Supplied data
════

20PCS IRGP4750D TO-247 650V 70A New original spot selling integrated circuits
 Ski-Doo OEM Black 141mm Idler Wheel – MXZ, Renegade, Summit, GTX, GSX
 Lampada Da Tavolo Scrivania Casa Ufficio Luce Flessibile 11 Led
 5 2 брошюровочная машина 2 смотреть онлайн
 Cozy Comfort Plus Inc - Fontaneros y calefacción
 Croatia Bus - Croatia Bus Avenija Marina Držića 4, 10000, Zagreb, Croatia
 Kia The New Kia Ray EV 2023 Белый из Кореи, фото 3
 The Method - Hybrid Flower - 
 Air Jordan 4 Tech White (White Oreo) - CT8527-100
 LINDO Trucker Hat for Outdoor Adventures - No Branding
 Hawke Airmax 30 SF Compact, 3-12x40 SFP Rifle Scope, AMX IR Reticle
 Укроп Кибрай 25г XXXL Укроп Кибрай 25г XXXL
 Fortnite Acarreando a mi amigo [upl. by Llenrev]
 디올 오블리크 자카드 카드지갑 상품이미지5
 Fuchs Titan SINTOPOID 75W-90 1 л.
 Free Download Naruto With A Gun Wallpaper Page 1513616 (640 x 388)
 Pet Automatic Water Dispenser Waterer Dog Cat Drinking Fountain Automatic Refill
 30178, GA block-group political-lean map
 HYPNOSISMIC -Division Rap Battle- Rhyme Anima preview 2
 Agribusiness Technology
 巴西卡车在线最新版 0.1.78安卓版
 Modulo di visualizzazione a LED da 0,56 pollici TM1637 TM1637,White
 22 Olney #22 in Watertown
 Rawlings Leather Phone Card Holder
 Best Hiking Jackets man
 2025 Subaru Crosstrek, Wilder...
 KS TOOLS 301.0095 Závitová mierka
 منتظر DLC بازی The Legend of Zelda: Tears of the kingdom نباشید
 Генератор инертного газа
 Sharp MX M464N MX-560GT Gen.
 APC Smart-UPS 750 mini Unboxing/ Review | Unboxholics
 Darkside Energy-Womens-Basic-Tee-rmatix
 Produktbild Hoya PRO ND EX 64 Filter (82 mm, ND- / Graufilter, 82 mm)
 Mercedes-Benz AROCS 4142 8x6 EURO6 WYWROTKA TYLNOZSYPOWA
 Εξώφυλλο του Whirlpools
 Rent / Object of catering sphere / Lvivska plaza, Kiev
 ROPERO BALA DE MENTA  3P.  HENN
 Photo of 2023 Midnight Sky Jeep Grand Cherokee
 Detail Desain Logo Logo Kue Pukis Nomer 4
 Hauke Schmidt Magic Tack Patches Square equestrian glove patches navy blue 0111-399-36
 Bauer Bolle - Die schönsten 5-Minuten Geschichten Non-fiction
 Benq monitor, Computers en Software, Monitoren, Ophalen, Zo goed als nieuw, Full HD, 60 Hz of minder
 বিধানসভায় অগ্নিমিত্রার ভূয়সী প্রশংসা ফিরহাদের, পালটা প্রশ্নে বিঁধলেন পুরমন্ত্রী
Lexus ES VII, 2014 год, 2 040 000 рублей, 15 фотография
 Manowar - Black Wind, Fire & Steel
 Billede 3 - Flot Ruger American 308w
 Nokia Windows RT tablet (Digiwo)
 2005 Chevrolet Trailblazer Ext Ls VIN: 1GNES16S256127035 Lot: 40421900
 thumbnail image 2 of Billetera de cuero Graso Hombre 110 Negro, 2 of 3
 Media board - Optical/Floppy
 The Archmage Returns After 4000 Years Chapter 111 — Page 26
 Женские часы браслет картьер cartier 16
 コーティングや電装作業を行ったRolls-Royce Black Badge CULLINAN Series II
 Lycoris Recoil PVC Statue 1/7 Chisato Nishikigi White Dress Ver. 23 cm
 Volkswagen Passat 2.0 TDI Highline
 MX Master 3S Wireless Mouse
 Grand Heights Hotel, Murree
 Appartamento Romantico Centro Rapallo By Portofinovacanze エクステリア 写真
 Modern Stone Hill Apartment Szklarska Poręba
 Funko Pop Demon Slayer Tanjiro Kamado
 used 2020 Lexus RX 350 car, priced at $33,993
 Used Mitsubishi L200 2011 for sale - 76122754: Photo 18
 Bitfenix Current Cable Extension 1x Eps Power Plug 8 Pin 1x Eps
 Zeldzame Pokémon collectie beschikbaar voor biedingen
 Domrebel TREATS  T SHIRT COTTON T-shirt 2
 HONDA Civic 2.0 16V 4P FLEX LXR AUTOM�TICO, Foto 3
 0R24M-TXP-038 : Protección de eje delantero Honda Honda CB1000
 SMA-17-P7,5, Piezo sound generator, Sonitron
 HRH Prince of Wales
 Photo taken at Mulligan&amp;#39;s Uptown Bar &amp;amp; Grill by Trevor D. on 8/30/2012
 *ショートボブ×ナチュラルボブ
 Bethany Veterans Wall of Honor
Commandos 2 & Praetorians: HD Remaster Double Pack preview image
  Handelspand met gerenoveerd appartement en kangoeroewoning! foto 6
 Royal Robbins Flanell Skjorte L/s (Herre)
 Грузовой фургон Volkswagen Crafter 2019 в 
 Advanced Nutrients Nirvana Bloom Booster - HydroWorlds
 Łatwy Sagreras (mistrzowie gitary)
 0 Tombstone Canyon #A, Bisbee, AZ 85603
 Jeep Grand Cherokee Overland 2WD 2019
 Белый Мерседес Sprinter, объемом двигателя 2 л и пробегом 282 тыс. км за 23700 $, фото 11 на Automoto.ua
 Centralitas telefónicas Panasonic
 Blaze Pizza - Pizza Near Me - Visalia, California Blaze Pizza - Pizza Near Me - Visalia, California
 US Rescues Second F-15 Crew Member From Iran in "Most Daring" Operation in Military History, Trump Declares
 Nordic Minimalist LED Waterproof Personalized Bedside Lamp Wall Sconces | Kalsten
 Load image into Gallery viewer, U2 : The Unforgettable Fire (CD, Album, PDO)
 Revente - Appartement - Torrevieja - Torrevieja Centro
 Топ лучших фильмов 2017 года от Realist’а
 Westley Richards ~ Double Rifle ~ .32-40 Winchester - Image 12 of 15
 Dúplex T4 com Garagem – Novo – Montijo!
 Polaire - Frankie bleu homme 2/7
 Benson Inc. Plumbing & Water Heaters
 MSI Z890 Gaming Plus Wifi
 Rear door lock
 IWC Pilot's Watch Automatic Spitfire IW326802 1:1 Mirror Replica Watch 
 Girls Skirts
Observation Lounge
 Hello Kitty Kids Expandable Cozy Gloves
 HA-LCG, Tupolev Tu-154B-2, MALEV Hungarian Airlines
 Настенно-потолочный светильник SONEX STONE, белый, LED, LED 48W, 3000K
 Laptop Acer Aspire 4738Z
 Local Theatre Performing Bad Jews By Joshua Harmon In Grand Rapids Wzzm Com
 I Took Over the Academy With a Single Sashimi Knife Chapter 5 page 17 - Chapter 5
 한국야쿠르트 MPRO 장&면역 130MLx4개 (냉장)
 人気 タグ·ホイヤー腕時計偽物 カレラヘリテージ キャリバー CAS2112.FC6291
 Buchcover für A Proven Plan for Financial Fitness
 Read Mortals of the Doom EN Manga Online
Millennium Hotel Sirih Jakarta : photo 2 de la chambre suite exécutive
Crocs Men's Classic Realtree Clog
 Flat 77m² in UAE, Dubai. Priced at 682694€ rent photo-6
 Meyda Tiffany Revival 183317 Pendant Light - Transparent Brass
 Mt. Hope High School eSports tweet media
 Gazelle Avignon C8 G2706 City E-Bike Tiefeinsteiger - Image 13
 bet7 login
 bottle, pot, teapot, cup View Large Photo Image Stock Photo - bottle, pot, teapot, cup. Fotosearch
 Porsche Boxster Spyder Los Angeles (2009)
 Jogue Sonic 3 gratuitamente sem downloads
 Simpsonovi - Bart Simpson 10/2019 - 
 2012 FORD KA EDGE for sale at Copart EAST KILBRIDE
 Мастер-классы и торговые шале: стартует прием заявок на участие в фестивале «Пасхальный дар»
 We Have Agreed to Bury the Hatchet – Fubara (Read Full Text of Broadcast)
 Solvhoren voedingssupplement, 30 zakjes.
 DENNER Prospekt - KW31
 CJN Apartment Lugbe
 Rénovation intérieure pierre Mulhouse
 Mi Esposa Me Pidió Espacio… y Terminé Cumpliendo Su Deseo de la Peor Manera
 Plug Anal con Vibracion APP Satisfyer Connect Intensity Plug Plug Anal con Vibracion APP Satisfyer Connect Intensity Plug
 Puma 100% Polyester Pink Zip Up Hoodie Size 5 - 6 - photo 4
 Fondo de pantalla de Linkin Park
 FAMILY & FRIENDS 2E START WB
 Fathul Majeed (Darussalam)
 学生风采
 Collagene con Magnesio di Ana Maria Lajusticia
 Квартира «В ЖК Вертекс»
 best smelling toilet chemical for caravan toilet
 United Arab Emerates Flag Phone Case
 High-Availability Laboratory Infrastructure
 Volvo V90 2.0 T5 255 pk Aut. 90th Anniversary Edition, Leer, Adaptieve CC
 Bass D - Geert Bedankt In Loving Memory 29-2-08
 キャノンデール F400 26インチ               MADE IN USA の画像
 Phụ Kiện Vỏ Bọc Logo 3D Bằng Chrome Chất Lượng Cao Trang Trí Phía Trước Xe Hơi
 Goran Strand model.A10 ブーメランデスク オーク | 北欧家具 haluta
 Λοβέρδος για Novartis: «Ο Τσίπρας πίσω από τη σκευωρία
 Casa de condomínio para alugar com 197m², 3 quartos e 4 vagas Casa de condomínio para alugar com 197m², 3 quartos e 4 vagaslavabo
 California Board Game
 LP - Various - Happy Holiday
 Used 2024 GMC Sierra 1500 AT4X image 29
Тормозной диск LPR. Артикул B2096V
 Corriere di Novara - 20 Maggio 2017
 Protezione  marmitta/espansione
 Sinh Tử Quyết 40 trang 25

════

What to do
Copy from the entries only those lines that hold the word "Jeep".

Task result
 Photo of 2023 Midnight Sky Jeep Grand Cherokee
 Jeep Grand Cherokee Overland 2WD 2019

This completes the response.